Max Domi: Arizona’s Shiniest new toy
In a stroke of almost depressing irony, Max Domi performed the ceremonial puck drop at the Air Canada Centre Wednesday night with Robby Fabbri, highly touted prospect of the St. Louis Blues and teammate of Domi from the World Junior Championship gold medal team.

Editor In Leaf
Of course, the Blues fairly destroyed the Coyotes on Tuesday night, but that’s not the important part of this story.
The important part?
Apparently, the Air Canada Centre went NUTS for Max Domi. NUTS.
At the World Junior Championship, Domi was named player of the tournament and one of the three forwards on the WJC All Star Team, alongside Sam Reinhart and Connor McDavid. He scored five goals on the road to a ten-point tournament, skating on a line that combined for fourteen goals in eight games. He was named player of the game against the United States (netting two goals and taking six shots over the three periods of the 5-3 win), and responded to his historical criticisms of poor defensive play by spearheading Team Canada’s penalty kill. He stayed out of the penalty box for most of the tournament, but fired up his team and posed a threat against any line he was faced with.
His high energy, immense talent, and infectious attitude clearly struck a chord with the hapless Toronto fans, though — because his presence at the game between the Maple Leafs and the Washington Capitals ignited a storm of trade demands from fans at the ACC.
What they’re asking for
If you’re a Toronto Maple Leafs fan (or just a hyper-aware hockey fan in general), you know — where the Leafs are superior to the Coyotes on offense, they’re sorely deficient on defense.

Puck Prose
As such, the most oft-named trade requested by fans was a Max Domi for Phil Kessel swap.
Some wanted Domi and a pick for the star offensive winger for the United States; others were confident that an outright swap was more than fair.
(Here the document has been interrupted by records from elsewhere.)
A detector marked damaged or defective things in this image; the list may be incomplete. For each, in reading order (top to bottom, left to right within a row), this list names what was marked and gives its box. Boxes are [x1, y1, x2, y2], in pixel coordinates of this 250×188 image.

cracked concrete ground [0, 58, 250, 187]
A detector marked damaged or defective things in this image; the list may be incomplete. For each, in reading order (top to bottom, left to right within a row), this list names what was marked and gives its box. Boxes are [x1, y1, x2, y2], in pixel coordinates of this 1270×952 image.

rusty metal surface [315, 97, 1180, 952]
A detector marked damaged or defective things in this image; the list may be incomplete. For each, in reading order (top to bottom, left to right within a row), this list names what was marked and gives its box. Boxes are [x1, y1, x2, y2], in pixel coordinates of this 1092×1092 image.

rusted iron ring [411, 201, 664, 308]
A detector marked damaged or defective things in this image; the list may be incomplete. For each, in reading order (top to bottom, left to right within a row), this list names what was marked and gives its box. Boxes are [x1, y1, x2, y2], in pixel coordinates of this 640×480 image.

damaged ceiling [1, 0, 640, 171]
All were of the same mind, though — what Domi brings to a team in energy, character, and defensive prowess would make up for the loss in scoring that would inevitably result from trading an established veteran thirty goal scorer for a nineteen-year-old prospect.
Others were more generous; they reasoned that a handful of Toronto skaters for Domi would aid Arizona in their ‘rebuild’, while giving Toronto exactly what they wanted. Tyler Bozak and Jake Gardiner? You can have him! Mike Santorelli and Dion Phaneuf? Take them! Whatever it takes to bring Max Domi to his father’s alma mater.
Why Coyotes fans should care
While this sent me into peals of laughter last night, this is actually quite an important occurrence for Coyotes fans to take note of.

Puck Prose
The Toronto Maple Leafs did a big thing on Tuesday in firing their head coach, Randy Carlyle, despite sitting in a playoff position and on a winning record.
They did this, of course, because all signs pointed to the team getting worse defensively under Carlyle’s direction. The team was getting outshot by a grotesque margin — over Carlyle’s tenure in Toronto, the Maple Leafs were outshot by a grand total of 1,254 shots on goal — and despite sitting on a winning record, the team had gone 3-7-0 in the ten games they played before dismissing the coach.
Upon firing Carlyle, many Eastern Conference teams were actually upset — because a rival franchise, particularly one that most people assumed would collapse mid-season and fall out of playoff contention altogether — had made a move to make themselves better.
The fact that the fans of this team believe that trading their top scorer — or, at the very least, their most established point-getter — for Max Domi would make the team better yet? Arizona, you have been given a gift.
I spent some time at my full-time job discussing how a single player can reshape an entire franchise — at the time, I was discussing Rob Klinkhammer in Edmonton, but the same applies for Domi in Arizona. What he brings to the franchise in scorepower and offensive energy is something that’s both invaluable to any team and season-altering for a franchise that gets lost in games where they don’t score first. Max Domi can both get his team on the scoreboard before their opponents AND keep the energy high when the other team strikes first; if Toronto’s willingness to relinquish half their franchise for him doesn’t tell you that, his immense value at the World Juniors should.
I have no delusions that Max Domi is going to become a generational talent. Even Tyler Seguin is still being discussed as a franchise cornerstone versus a generational player; I don’t foresee Domi being better than that.
His attitude, his play, and his teamwork will do big things for the Coyotes, though. Toronto is jealous — and if that doesn’t help ease the pain of a couple 6-0 losses, you’re watching the wrong sport.